What’s that footstep following, never passing by?
Perhaps they’re all just waiting, perhaps when we’re all dead
Out they’ll come a slithering…
From underneath the bed

In Listen the Doctor and Clara are confronted with the stuff of nursery rhymes, the age-old fear, the monster under the bed. “I think everybody at some point in their lives has the exact same nightmare” the Doctor tells Clara before he connects her to the TARDIS telepathic interface.
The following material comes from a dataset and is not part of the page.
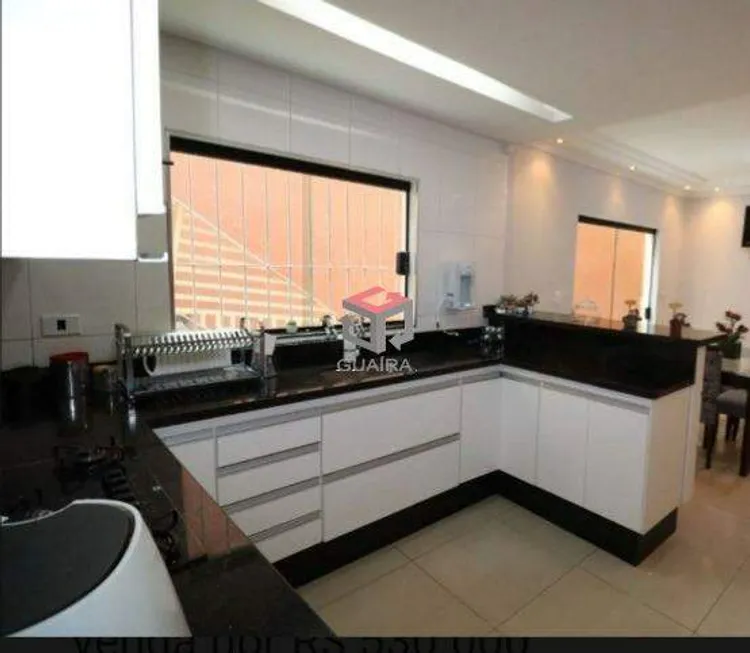 Foto 1 de Sobrado com 3 Quartos à venda, 201m² em Vila Linda, Santo André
The Doctor wants to trace the exact moment in her timeline when she had the nightmare, but fresh off a disastrous first date with Danny and distracted by her phone ringing, Clara inadvertently takes the TARDIS back to a children’s home in Gloucester, and a young Rupert Pink.

In a truly chilling sequence Clara, the Doctor and Rupert face the monster on Rupert’s bed, not the one under it. Or, rather than face it, they turn their back on it. We get a fleeting, blurry glimpse of a strange creature behind Clara yet when Rupert promises not to look at him, it flees. Clara asks the Doctor later if they saved Rupert from another kid under a bedspread.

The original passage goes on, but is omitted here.